> Collected data:
------------------------------------------------------------

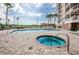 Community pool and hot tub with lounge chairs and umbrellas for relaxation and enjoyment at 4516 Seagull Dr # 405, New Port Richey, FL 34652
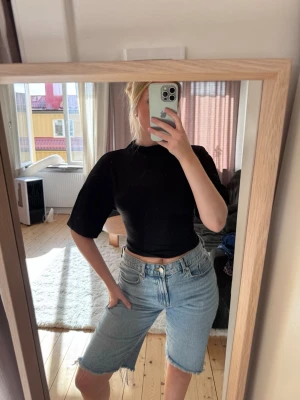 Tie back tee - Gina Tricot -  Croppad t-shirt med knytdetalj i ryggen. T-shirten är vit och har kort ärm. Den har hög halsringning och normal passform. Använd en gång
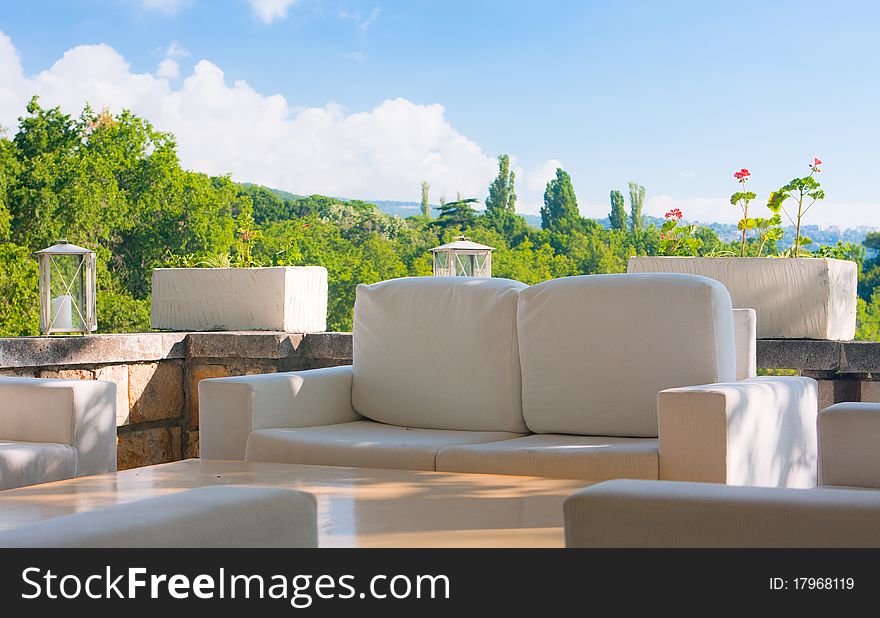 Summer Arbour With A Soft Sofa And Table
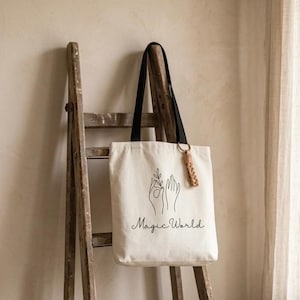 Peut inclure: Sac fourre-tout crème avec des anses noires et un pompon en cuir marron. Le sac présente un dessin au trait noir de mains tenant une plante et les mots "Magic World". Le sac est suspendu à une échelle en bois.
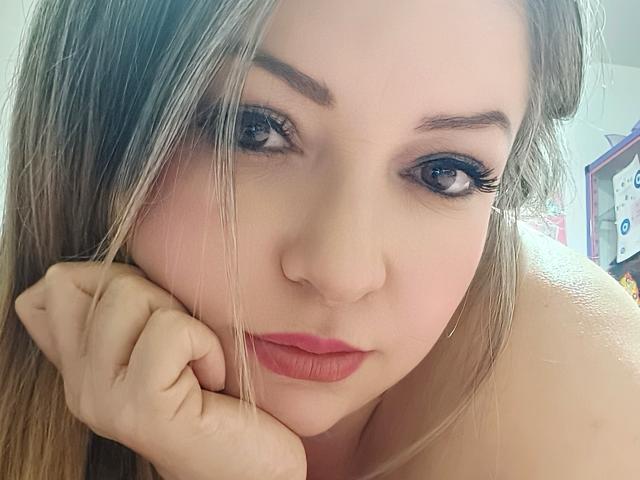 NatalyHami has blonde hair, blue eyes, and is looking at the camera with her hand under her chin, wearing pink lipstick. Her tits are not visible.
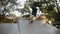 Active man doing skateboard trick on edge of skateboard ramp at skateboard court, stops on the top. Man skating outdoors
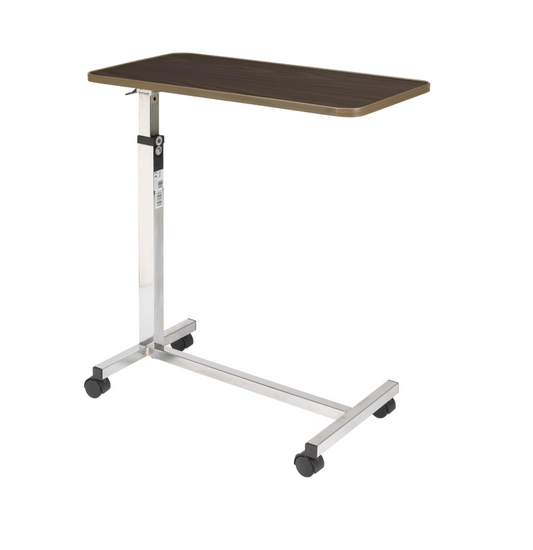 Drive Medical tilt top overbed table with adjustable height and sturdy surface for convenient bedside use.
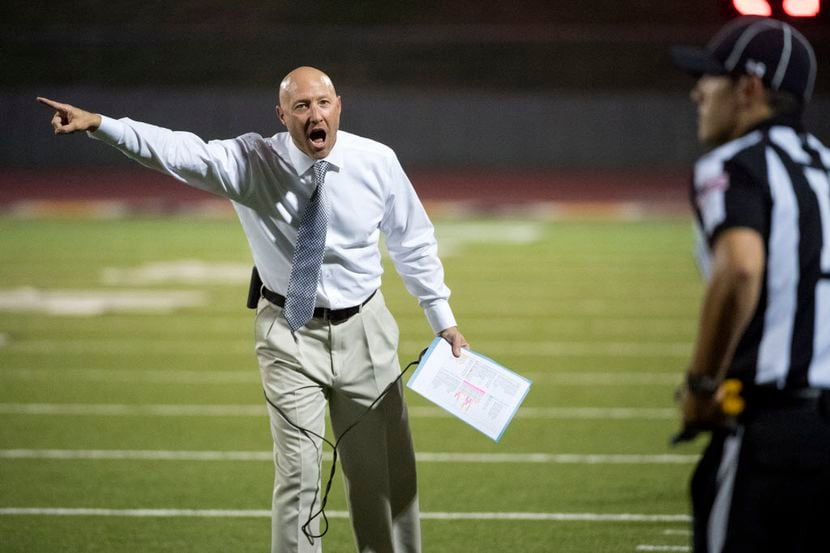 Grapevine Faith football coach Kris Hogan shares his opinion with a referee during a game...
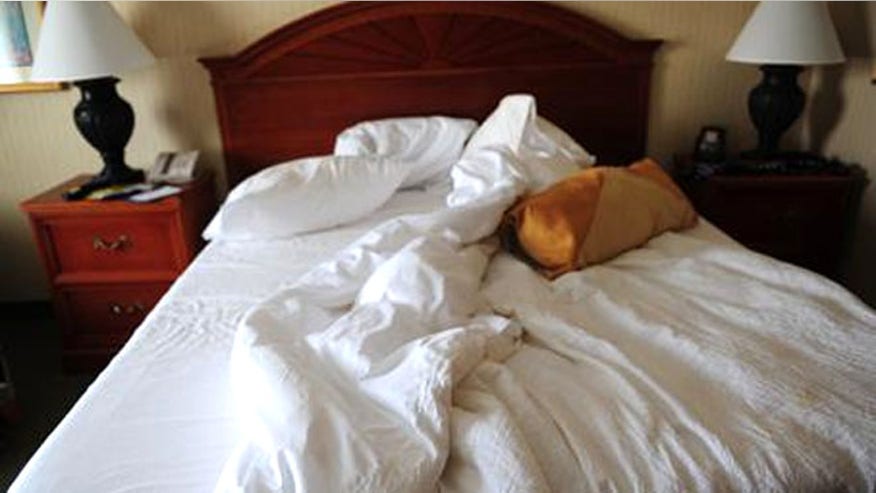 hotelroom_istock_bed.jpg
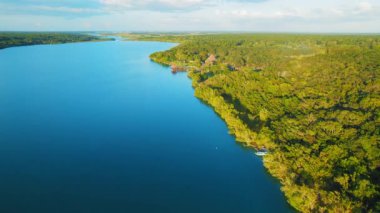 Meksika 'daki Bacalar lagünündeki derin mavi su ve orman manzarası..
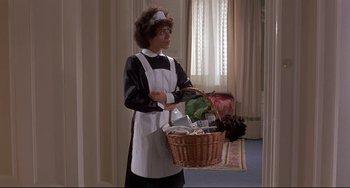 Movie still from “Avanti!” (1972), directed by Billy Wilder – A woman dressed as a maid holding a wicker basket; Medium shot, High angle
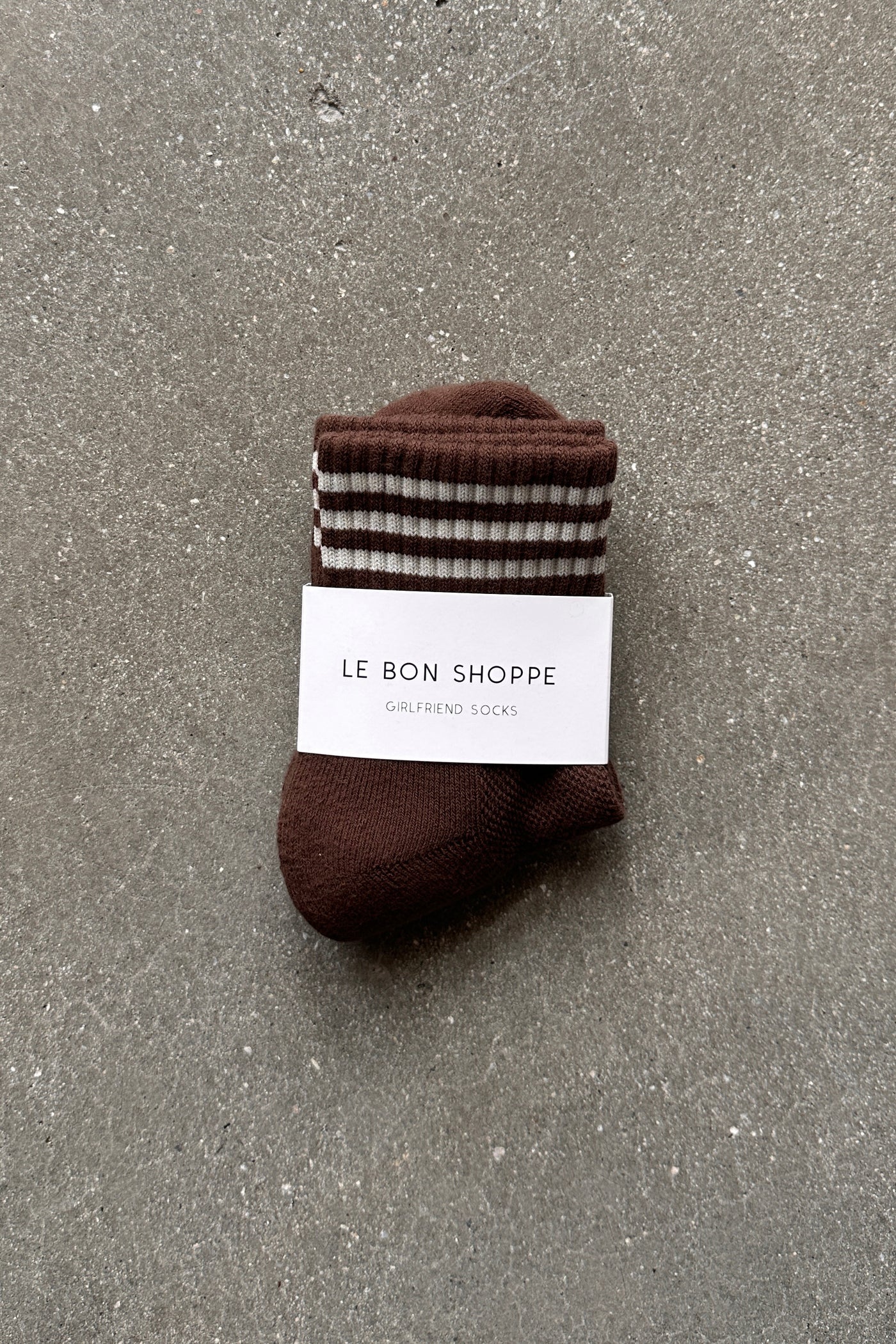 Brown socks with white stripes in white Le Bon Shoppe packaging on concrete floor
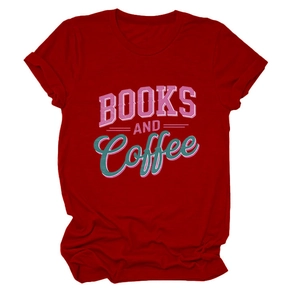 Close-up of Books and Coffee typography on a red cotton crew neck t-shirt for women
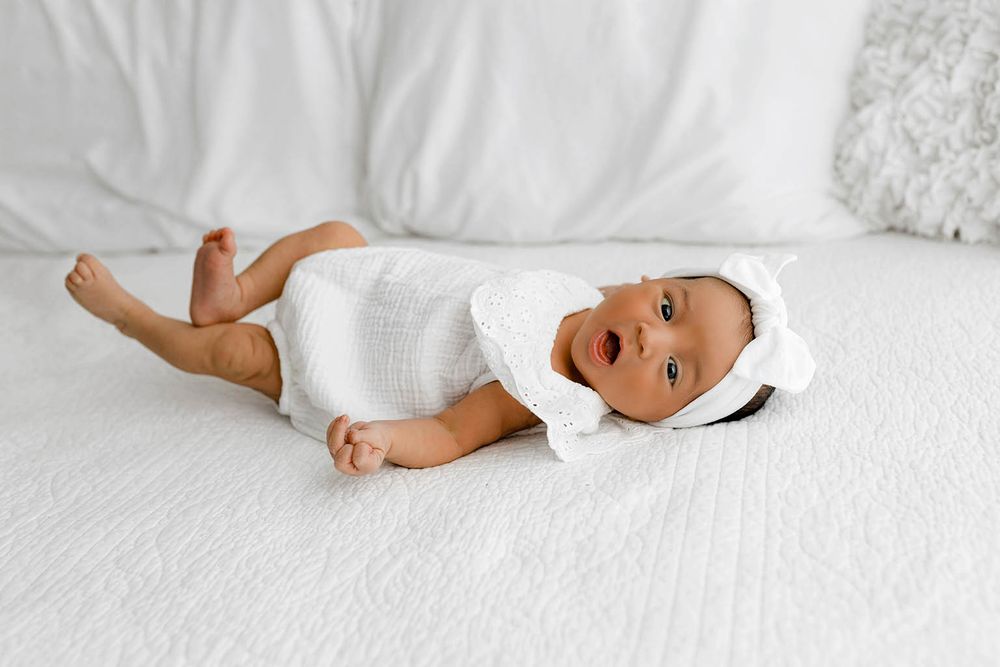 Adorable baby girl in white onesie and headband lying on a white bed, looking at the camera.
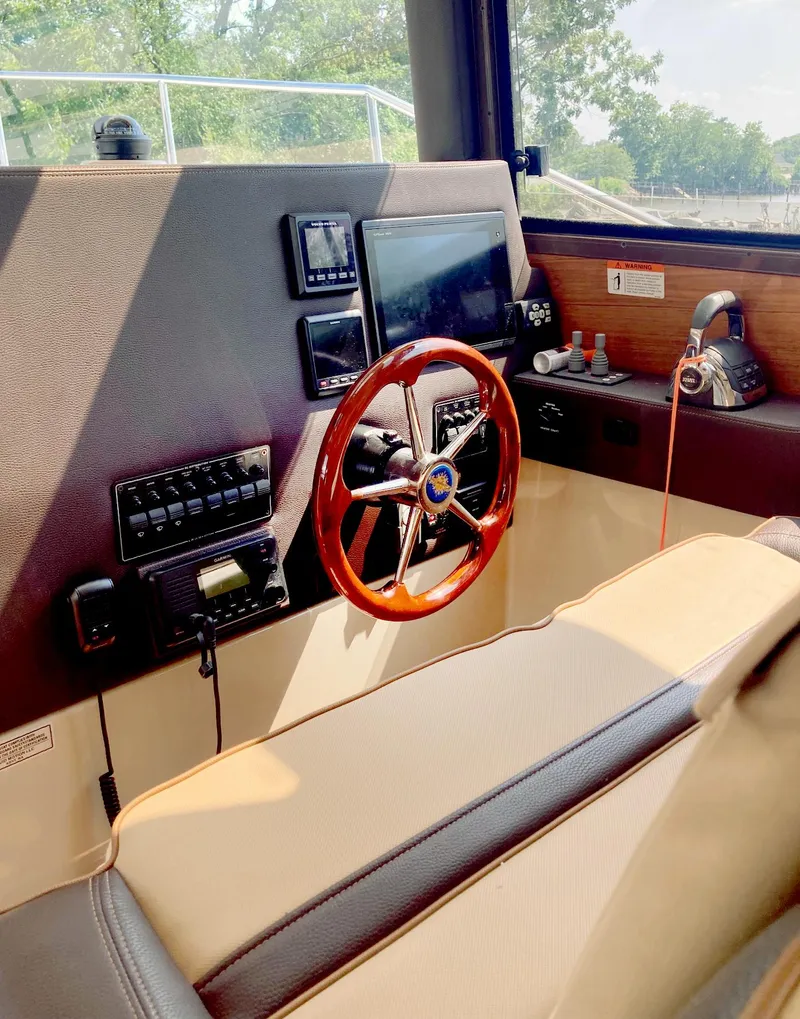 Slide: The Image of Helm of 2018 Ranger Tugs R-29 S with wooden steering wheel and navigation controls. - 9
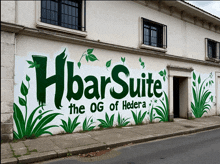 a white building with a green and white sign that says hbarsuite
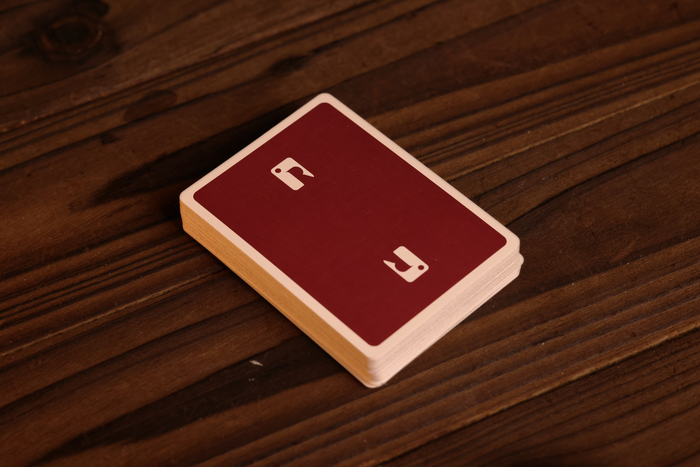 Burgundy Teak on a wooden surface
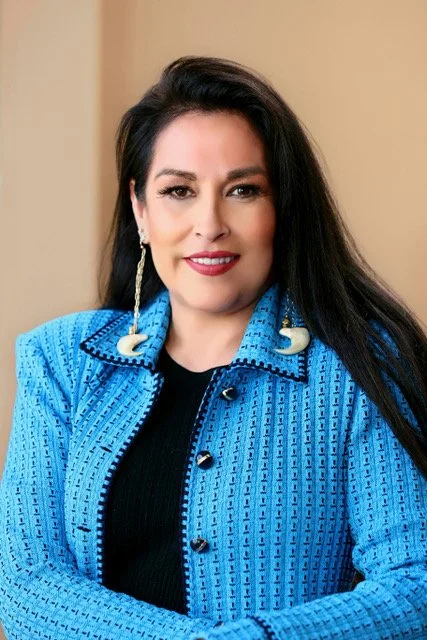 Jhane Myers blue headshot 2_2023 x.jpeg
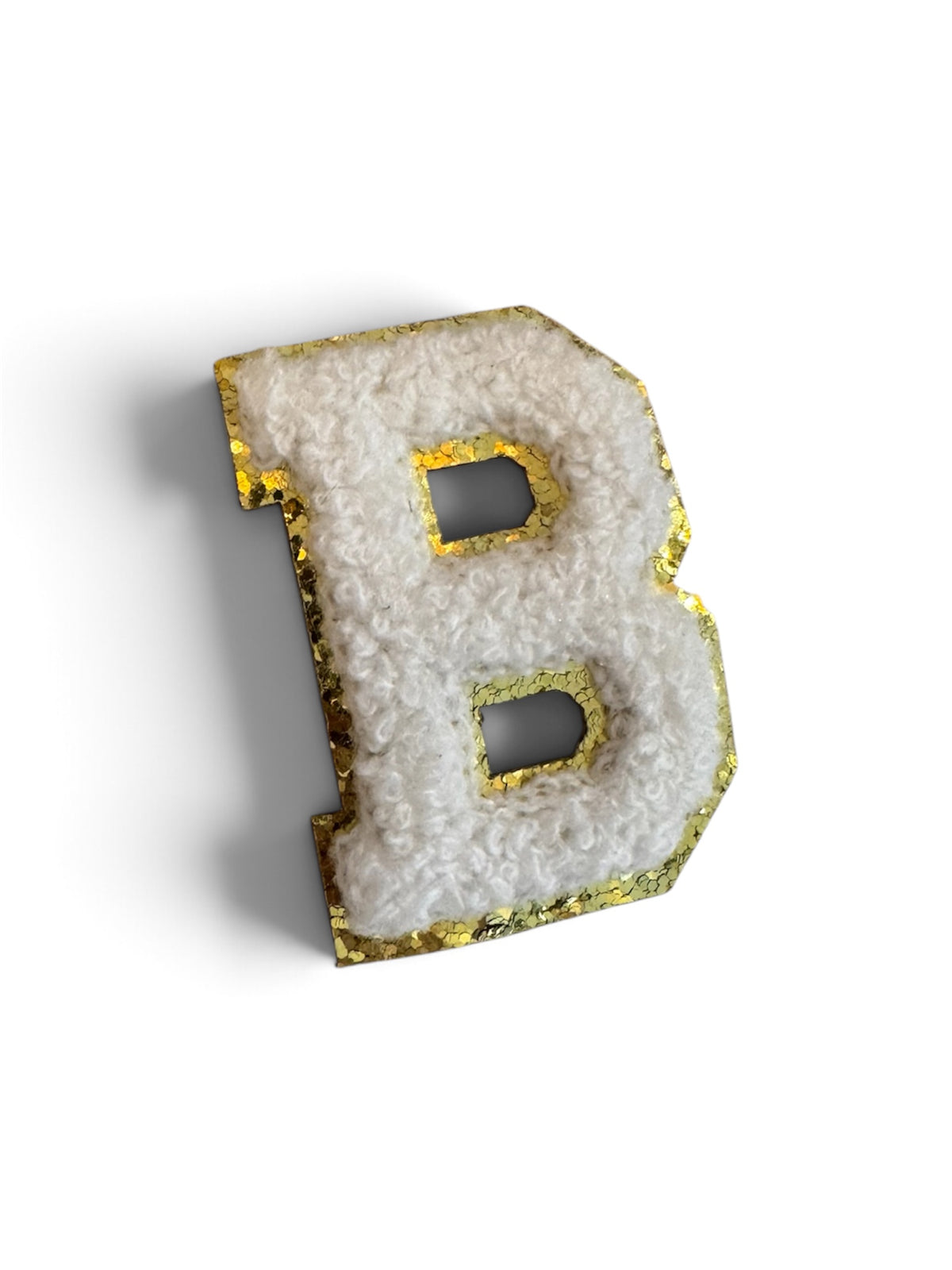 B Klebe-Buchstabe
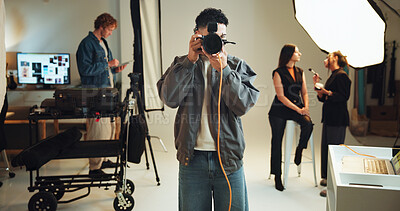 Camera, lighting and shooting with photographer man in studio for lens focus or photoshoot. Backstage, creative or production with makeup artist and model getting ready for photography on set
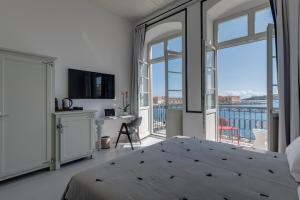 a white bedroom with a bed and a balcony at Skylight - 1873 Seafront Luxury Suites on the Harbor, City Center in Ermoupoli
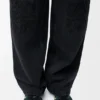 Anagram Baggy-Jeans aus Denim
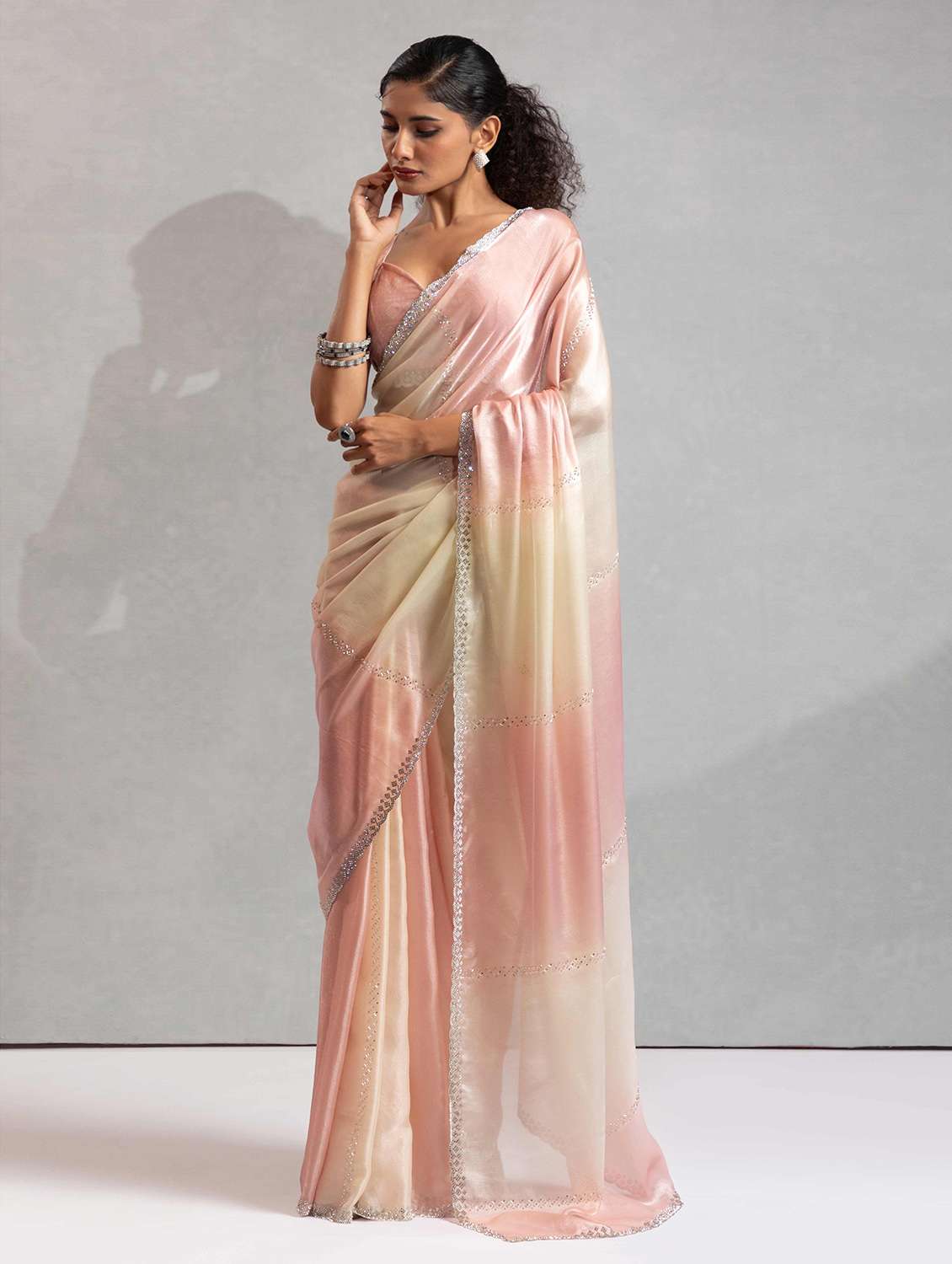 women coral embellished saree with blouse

------------------------------------------------------------

> PROBLEM: When you reach the line containing "NatalyHami has blonde" in the entries above, please retype it and each line after it through the last one, exactly, without the pictures.

> SOLUTION TO THE EXERCISE:
 NatalyHami has blonde hair, blue eyes, and is looking at the camera with her hand under her chin, wearing pink lipstick. Her tits are not visible.
 Active man doing skateboard trick on edge of skateboard ramp at skateboard court, stops on the top. Man skating outdoors
 Drive Medical tilt top overbed table with adjustable height and sturdy surface for convenient bedside use.
 Grapevine Faith football coach Kris Hogan shares his opinion with a referee during a game...
 hotelroom_istock_bed.jpg
 Meksika 'daki Bacalar lagünündeki derin mavi su ve orman manzarası..
 Movie still from “Avanti!” (1972), directed by Billy Wilder – A woman dressed as a maid holding a wicker basket; Medium shot, High angle
 Brown socks with white stripes in white Le Bon Shoppe packaging on concrete floor
 Close-up of Books and Coffee typography on a red cotton crew neck t-shirt for women
 Adorable baby girl in white onesie and headband lying on a white bed, looking at the camera.
 Slide: The Image of Helm of 2018 Ranger Tugs R-29 S with wooden steering wheel and navigation controls. - 9
 a white building with a green and white sign that says hbarsuite
 Burgundy Teak on a wooden surface
 Jhane Myers blue headshot 2_2023 x.jpeg
 B Klebe-Buchstabe
 Camera, lighting and shooting with photographer man in studio for lens focus or photoshoot. Backstage, creative or production with makeup artist and model getting ready for photography on set
 a white bedroom with a bed and a balcony at Skylight - 1873 Seafront Luxury Suites on the Harbor, City Center in Ermoupoli
 Anagram Baggy-Jeans aus Denim
 women coral embellished saree with blouse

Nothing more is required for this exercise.